Noem opposes BLM rule on conservation leases
Gov. Kristi Noem is urging Congress to halt a proposed Bureau of Land Management rule to increase considerations for conservation when issuing leases.
She said the agency’s rule oversteps its authority.
The Bureau of Land Management wants to boost how conservation is weighed when issuing leases on land it manages. The agency said it will put conservation leases on par with other types of leases.
Noem testified Thursday in favor of a US House bill to require BLM to withdraw its rule. Noem said BLM lacks authority to pursue this rule, which she said will prioritize conservation.
“There’s no consequences for violations of these conservation leases, as well. No punishment if the rules of game are not followed,” Noem said. “What’s interesting to me is there’s no guidelines on who can purchase a conservation lease and who can’t. What’s to prevent China from purchasing up conservation leases on our federal lands?”
Noem said the rule will harm ranchers in South Dakota, who may lose grazing leases if BLM picks conservation instead.
BLM is a big player in many western states. It manages over 60 percent of land located in Nevada and 42 percent in Utah.
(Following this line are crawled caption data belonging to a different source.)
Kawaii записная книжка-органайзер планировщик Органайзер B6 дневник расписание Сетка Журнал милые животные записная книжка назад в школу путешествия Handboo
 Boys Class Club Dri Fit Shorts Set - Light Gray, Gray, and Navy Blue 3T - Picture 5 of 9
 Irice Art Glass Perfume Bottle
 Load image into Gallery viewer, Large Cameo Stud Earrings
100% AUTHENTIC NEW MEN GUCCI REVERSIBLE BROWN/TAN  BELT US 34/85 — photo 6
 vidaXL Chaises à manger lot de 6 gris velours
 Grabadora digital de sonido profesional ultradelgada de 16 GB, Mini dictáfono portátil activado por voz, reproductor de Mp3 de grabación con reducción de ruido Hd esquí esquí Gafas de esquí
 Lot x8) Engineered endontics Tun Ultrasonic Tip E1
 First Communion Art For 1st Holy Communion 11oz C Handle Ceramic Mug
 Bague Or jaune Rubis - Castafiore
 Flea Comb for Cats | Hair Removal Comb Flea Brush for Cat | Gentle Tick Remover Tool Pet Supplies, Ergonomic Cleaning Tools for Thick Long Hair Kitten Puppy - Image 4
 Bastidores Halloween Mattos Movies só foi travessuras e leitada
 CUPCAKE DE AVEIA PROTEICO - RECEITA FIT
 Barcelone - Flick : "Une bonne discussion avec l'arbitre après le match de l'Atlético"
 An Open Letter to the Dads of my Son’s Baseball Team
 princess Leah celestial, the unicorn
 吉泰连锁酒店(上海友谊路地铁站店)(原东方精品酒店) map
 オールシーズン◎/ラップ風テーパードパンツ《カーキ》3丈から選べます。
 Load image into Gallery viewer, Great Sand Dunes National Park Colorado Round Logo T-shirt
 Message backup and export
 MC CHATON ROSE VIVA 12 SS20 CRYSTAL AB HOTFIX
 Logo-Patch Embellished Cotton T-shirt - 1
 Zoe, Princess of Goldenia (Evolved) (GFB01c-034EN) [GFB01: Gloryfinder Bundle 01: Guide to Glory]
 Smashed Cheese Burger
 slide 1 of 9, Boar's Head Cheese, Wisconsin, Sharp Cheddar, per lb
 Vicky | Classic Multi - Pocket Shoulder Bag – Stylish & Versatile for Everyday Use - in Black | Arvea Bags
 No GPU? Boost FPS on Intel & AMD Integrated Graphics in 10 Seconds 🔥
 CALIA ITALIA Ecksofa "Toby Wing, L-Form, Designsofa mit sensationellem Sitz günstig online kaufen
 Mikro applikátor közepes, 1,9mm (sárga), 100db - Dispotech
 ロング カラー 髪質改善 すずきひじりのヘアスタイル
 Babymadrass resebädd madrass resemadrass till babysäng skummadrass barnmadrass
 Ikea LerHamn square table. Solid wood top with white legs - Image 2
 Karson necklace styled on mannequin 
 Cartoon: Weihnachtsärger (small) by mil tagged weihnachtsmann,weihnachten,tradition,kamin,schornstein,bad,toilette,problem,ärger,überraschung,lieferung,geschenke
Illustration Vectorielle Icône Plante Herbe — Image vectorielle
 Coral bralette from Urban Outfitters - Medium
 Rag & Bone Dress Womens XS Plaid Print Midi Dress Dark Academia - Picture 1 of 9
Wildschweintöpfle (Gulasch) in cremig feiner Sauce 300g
There are 275,881 acres of BLM land in South Dakota, which is .056 percent of the state’s total acreage. The land is located mostly in the northwest.
South Dakota Sens. John Thune and Mike Rounds and Rep. Dusty Johnson are also expressing their opposition to the rule. In an emailed statement, they said the rule prioritizes conservation over current standards for multiple-use lands.
In its proposed rules in the federal register, the BLM said the provision is not intended to preclude other uses on the land, such as grazing, mining and recreation.
"Conservation leases should not disturb existing authorizations, valid existing rights, or state or Tribal land use management," the BLM said in its proposed rule. "Rather, this proposed rule is intended to raise conservation up to be on par with other uses under the principles of multiple use and sustained yield."
It is common for the agency to layer leases. Grazing and oil and gas leases are often issued for the same location.
Supporters of the rule say it’ll help preserve the nation’s public lands and resources.
Representative Melanie Stansbury is a Democrat from New Mexico. She supports the rule change and has seen a similar program work in her state.
“The rule is not designed to try to take ranchers and their livestock off of our public lands," Stansbury said. "That’s just not the case.”
Supporters said if the rule goes into place BLM decisions on which leases to grant will still get made by a local BLM office.